What You Need To Know
- A bill limiting charitable bail organizations was pursued earlier this year
- The bill gained traction after the shooting of a Louisville mayoral candidate when the suspect was bailed out by a charitable bail group
- The House approved a bill but session ended before the Senate took it up
- Lawmakers heard testimony from a different charitable bail group Thursday as they work on a new version of the bill for next year
Members of The Bail Project, which collects donations and uses them to pay bail for people who can’t afford it, testified in front of a joint interim committee Wednesday.
Shameka Parrish-Wright, Community Advocacy and Partnership Manager for The Bail Project, said she wishes the group was around when she was a teen and pleaded guilty to a crime she didn’t believe she was guilty of.
“But because I was poor, I did not get my due process,” she said. “The presumption of innocence only existed on paper.”
Parrish-Wright and The Bail Project are actively working to end cash bail entirely because it only affects poorer people. The group’s operations manager in Louisville, Carrie Cole, said it’s an uphill battle in Kentucky.
“It’s the South. We’re going to have to chip away from the systemic racism, the systemic oppression that is built within the system, and I think that starts with collecting data,” she said.
Cole said the state can do a better job collecting data on pre-trial incarceration to get a better picture of who is affected by the cash bail system.
“It doesn’t seem like a hard argument to me that if you’re poor, you’re held in jail,” she said. “That’s something we should address.”
Republicans have majorities in both the House and the Senate, and Rep. John Blanton (R-Salyersville) says this bill will likely be one they focus on next session.
“We are forgetting about the victims,” he said. “We are focusing totally on the criminals, and we’re forgetting about those people that are hurting.”

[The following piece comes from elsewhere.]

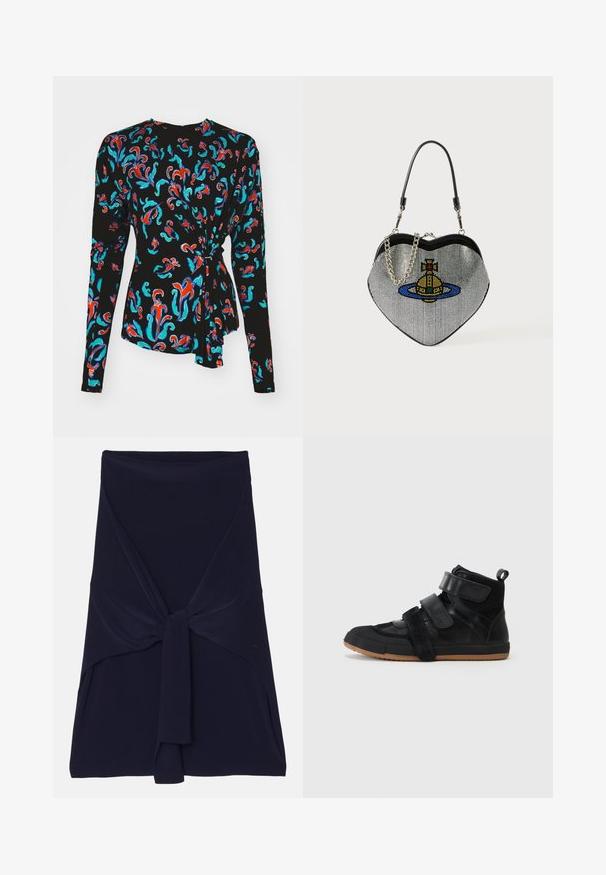 Zwarte lange mouwen top met een kleurrijk bloemenpatroon in rood, turquoise en blauw, met een geknoopte accent bij de taille.; Marineblauwe wikkelrok van zachte, rekbare stof met een geknoopte uitstraling aan de voorkant, voorzien van een gladde textuur en op maat gemaakte randen.; Zwarte hoge sneakers met een mix van leer, mesh en suede, voorzien van verstelbare klittenbandsluitingen en een gumrubberen loopzool.; Hartvormige handtas van gaas met een metallic afwerking, met een ontwerp van een kat en een planeet in blauw, geel en rood. Inclusief een kettingband.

He filed a bill last session to end charitable bail organizations that gained traction after the shooting of Louisville mayoral candidate Craig Greenberg. A different group, the Louisville Community Bail Fund, bailed the suspect out of jail in that case.

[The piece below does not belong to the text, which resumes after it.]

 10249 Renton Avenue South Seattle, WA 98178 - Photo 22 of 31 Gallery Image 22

“I know the group that done that, that wasn’t you all,” Blanton told Cole and Parrish-Wright, who ran for mayor this year. “But nevertheless, when they do that, it forces us as policymakers to set things in place to prevent those things from happening.”
Eventually, the House passed an amended bill prohibiting charitable bail groups from posting bail beyond $5,000, but the Senate didn’t take it up before session ended.
Blanton said he’s still working on the bill because he used to work in law enforcement.
“I know that there’s been times that I’ve taken people out of communities, and people in that community thank me for getting that individual out of that community because they’re such a menace,” he said. “They’re so fearful; they live in a state of fear, and then all of a sudden, some group that they don’t even know comes and pays their bail, and they go right back into that group.”
Parrish-Wright said she’s working with Blanton on the bill, but helping people post bail isn’t the problem.
“As someone who lives in the West End (of Louisville), who birthed kids in the West End, I’ve seen a lot of things,” she said. “And I will tell you that our work is not what’s making the crime rise; we have a problem all over our country with poverty, with gaps in services. We all are surviving failed policies.”